My memory is therefore, if I may so express it, vegetal. Trees as well as flowers and fruits symbolize for me beings and emotions. Plants as well as animals and stones filled my childhood with a mysterious charm. When I was four years old I remained rapt in contemplation of the broken stones of the mountain, lying in heaps along the roads. When struck they gave forth fire in the twilight. When rubbed against one another they felt the burning heat. I gathered pieces of marble from among them which seemed heavy with a water they had concealed within themselves. The mica of the granite held my curiosity in a way which nothing could satisfy. I felt that there was something that no one could tell me—the life of the stones.
At the same age I was scolded because I carried away the artificial beetles from a hat of my mother. I had the passion of collecting animals, I felt toward them so great a love that I wept if I thought them unhappy. And I still endure a deep anguish when I remember the little nightingales which some one gave me and which pined away in the dining-room. Still at the same age, in order to make me go to sleep, they had to place not far from me a bottle containing a tree-frog. I knew that here was a faithful friend who would protect me against robbers. The first time that I saw a stag-beetle, I was so overcome by the beauty of its horns that the longing to possess one became an actual torment.

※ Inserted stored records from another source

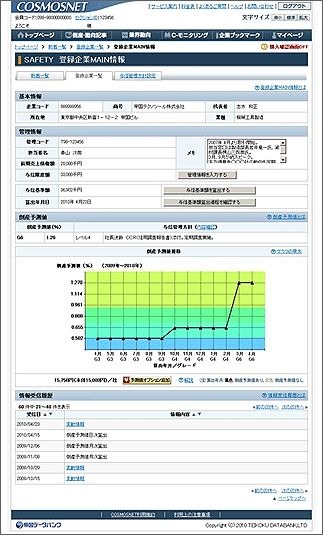 「COSMOSNET」画面イメージ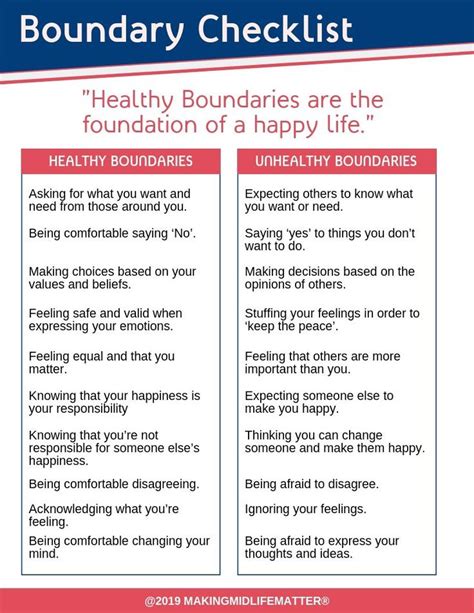 Setting Healthy Boundaries Worksheet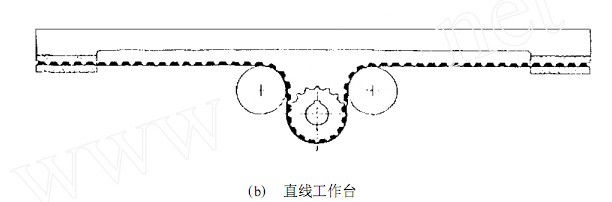 同步齒形帶的研究使用現(xiàn)狀與發(fā)展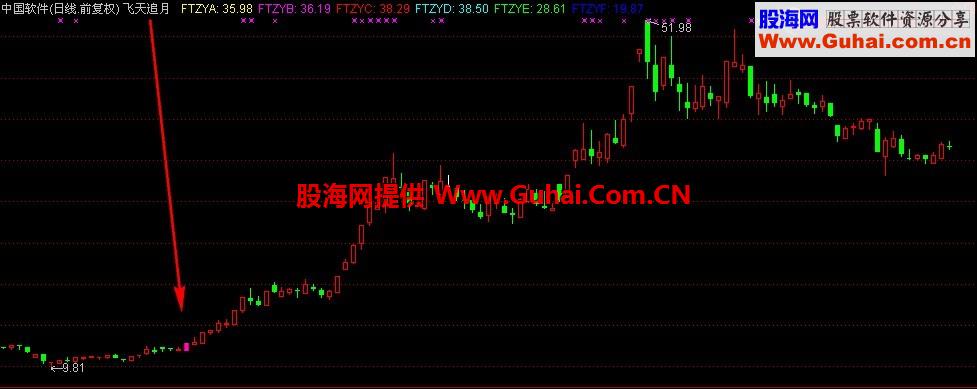 玉槌追月 核心源码 出现都是大牛股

The passion for plants did not develop until later, about the age of nine years, and I did not really begin to understand their life until about the age of fifteen. I remember the circumstances under which it happened. It was in summer, one Thursday, on a scorching afternoon. I was passing through the botanical garden of a great city with my mother. A white sun, dense blue shadows, and perfumes so heavy that one could almost feel them cling, made of this half desert spot a kingdom whose portal I crossed at last.
In the tepid and reddish-brown water of the ponds plants vegetated; some were leathery and gray, and others long, soft, and transparent. But from the very heart of these poor and sad algae there rose into the very blue of the sky itself, green lance-like stalks whose rose and white umbels challenged the ardent day with their grace; water-lilies slept on their leaves as in a trustful afternoon sleep.
To the plants of the water, the plants of the earth answered. I recall an alley where students, a handkerchief about the neck, were as if buried beneath the beauty of the leaves. It was the alley of the umbelliferae. The fennel and the ferula raised their crowns upon their stems with glistening sheaths. The perfumes spoke to each other in the silence. And one felt that a silent understanding went from plant to plant, and that over this isolated realm there hovered something like resignation.